Come on, who is kidding who here? No, instead he claims he took his
inspiration from Gardner.
Yeah, and Otis Adelbert Kline's Jan and Tam
took nothing from Tarzan, and Kline's Martian novels have no resemblance
to Barsoom.
Did Farley take nothing from Gardner's book? Well,
I'll put it this way. What I think he took from Gardner was the license.
Gardner gave him a kind of plausible deniability, grounds to say he wasn't
working in Burroughs world, but merely taking his inspiration from the
same source, producing a similar work. Yeah, right. Whatever.

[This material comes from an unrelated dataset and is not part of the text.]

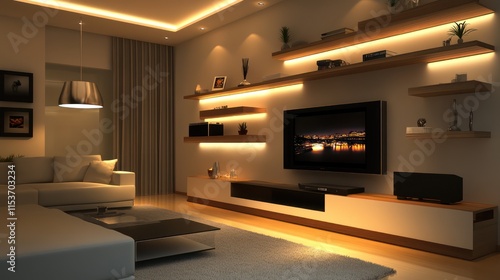 A sleek modern living room with sharp contrasts, floating shelves, and a minimalistic entertainment center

I'm pretty sure that Farley didn't get his gorilla-man and pterodactyls
from Gardner, no way, no how.
There's
a certain justification to Farley. Remember that basically,
all these writers were working in shared worlds, worlds that were grounded
in the reality of the time, in the social narratives and concepts of the
time known to readers as well as writers. The wild west was
a shared world, the mysterious Orient was a shared world, darkest Africa,
old dying Mars and young thriving Venus. These were all places that
existed as shared landscapes irrespective of their realities.
Africa wasn't dark, the West had only been briefly wild, Mars and Venus
would turn out to be quite unlike our concepts. But each of these
places meant something to people, they had a look, a feel, a sort of landscape
and history associated with each.
Pellucidar, or Gardner's Hollow Earth, was another
one of these shared worlds. It was a minor one, but there was
an evolved vision, a narrative, a sort of consensus landscape there.

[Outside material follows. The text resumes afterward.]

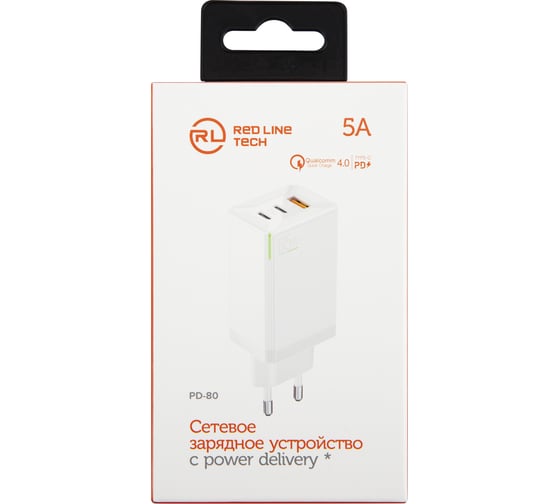 Сетевое зарядное устройство Red Line USB + 2 Type-C (PD-80), 5A, QC4.0 + PD65, белый, УТ000026763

So Farley had a fig leaf to hide behind.
Of course, the trouble is that Burroughs vision became
more famous and more pervasive than Gardner's ever was. Even more
than Burroughs Barsoom shaped the visions of Mars, Burroughs Pellucidar
defined and described the inner world.
Look, it's been a long time, everyone is dead, the copyrights
have expired, so we may as well just fess up and be honest about the whole
thing. The Radio Flyers and Radio Gun-Runners are just a
couple of Pellucidar novels from a contemporary and peer of Burroughs.
Let's just call it what it is.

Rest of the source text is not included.